Impressed by the effect of Fautrier’s work, Jean Dubuffet invented his own pictorial language, based on cheap materials that gave life to sculptures made of clinker such as Savonarole and landscapes made with dead leaves. Antoni Tàpies combined oil with sand and marble dust to add body to his work, which he then scratched, cut or lacerated to create a “poetics of matter”.

The Frenchman Georges Noël shared an interest in sand with his matterist colleagues, combining it with glue and pigments to create unique material effects. On this coarse, grainy surface, which he worked to make it more or less smooth and regular, he added his own vocabulary of primitive symbols. Despite the rough shaping of his “squashed, torn or beaten matter paintings”, Léon Zack did not give up on oil paint, which he worked in a new way. “This stirred, kneaded, flagellated material, spread with a knife or a cloth, roughly ripped or stroked by a brush […]” lay at the heart of his research.

When he first began wrapping objects, Christo was still interested in the materiality of paint, creating mixtures of oil, chalk, pigments and soil at the end of the 1950s, in parallel with the development of his Surfaces d’empaquetage and his Cratères.
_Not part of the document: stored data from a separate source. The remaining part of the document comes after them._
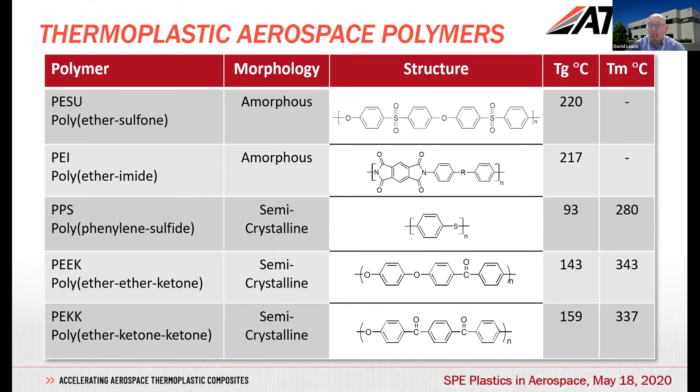Two amorphous polymers: polyethersulfone — though there's a whole family of different polysulfone polymers — and polyetherimide (PEI), both with relatively high Tg values. One aspect you'll notice with all of these polymers, whether amorphous or semi-crystalline, is that they tend to be highly aromatic, which gives you the higher temperature performance, and also often with relatively stiff backbone linkages.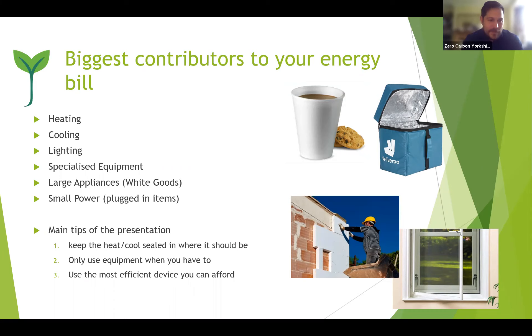For large appliances and small power in an office or community building — just turn them off; that's one of my key tips. The one-minute version of the main tips: keep heat or cold areas where they should be, only use equipment when you have to or switch it off, and use the most efficient device you can afford. Not everyone can afford a Tesla, but get yourself a Prius — a slightly less good option but better than a bog-standard one.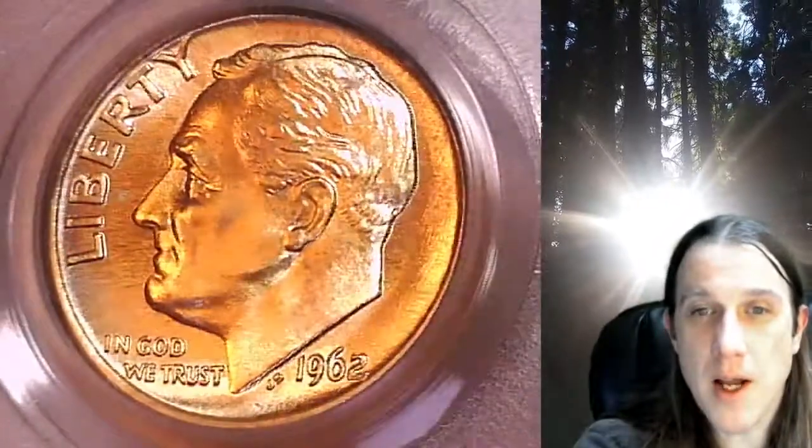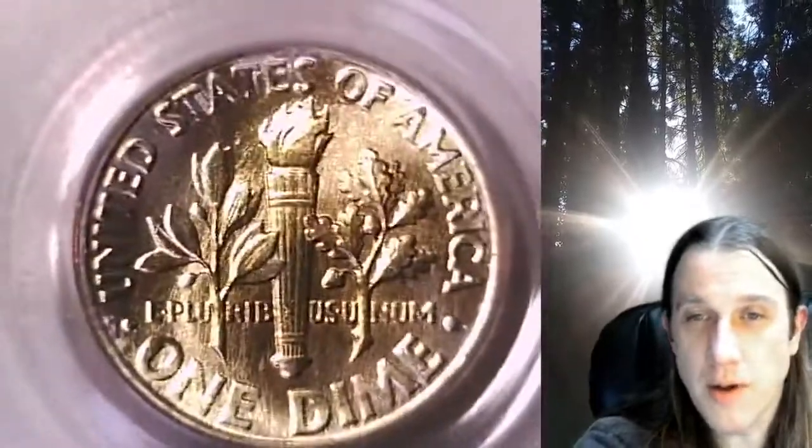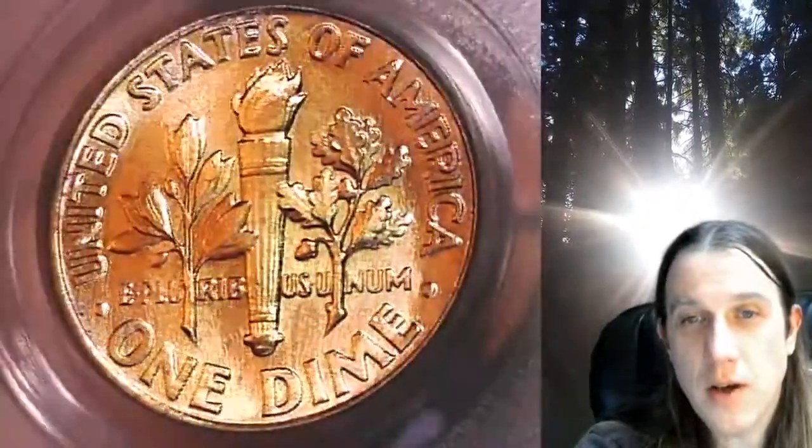This one's going to go up for sale on my eBay store. You can find a link in the description below the video — it'll take you to this exact coin on eBay. Once there, you can also find over 4,400 PCGS graded coins for sale.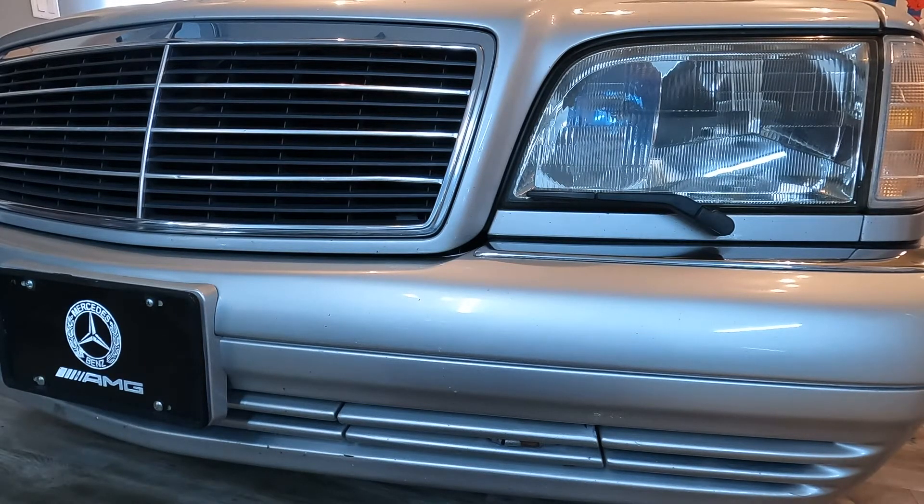Hi guys, so today we'll talk about something else that used to be on cars back in the older days and that's pretty much not available anymore today. You can kind of guess what it is — not the headlights of course, but it's the little wiper, the headlight wiper. I know headlight wipers were not on many cars, but Mercedes had them, Volvos had them, Saabs had them. Did the Jaguars have them? Maybe someone knows, I'm not sure. I have another car in mind — I can't remember what it is — it was a European car.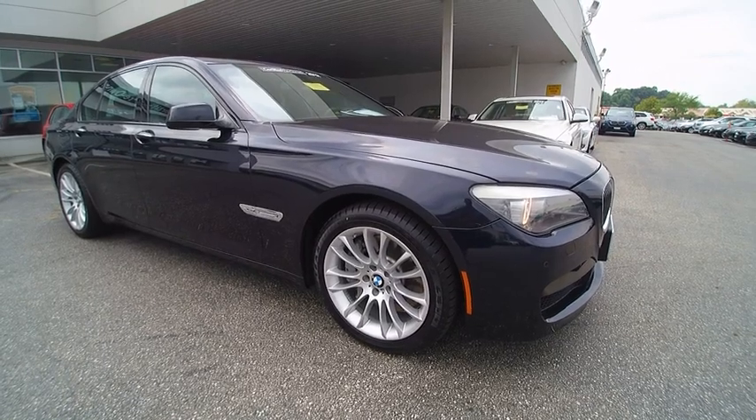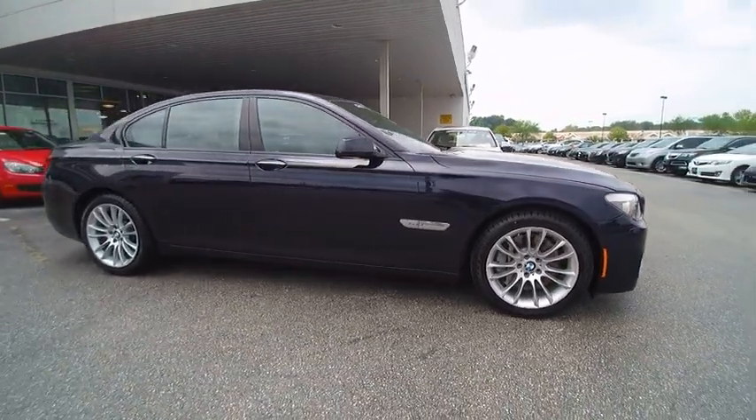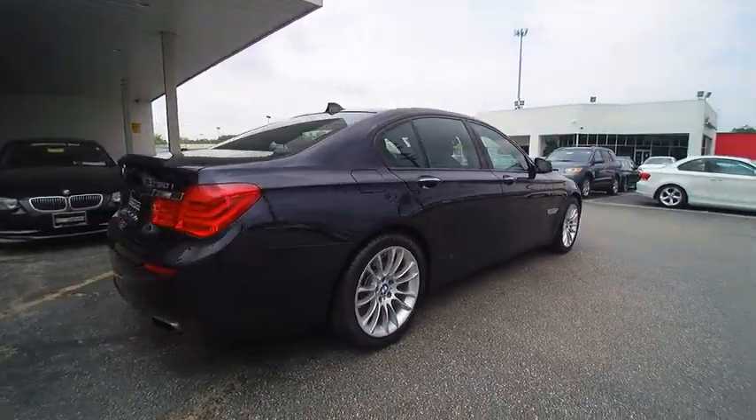2012 7 Series. The BMW 7 Series is the BMW flagship. This full-size sedan has always represented the top of luxury and technology. This vehicle has less than 30,000 miles.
From these earthy textures emerge dream-like landscapes, similar to those of Dubuffet. Arman, who signed the manifesto of the New Realists in October 1960, before Christo joined sometime later, also still produced abstract works that play more on the projection of matter than his large works on paper mounted on canvas created a little earlier, which retain traces of the object.

Other artists, meanwhile, questioned the relationship between materiality and the canvas itself. This was the case for the American Conrad Marca-Relli, who cut out shapes from rolls of canvas before gluing and painting them for his “collage painting”, a technique that would be picked up by the members of the Supports/Surfaces group.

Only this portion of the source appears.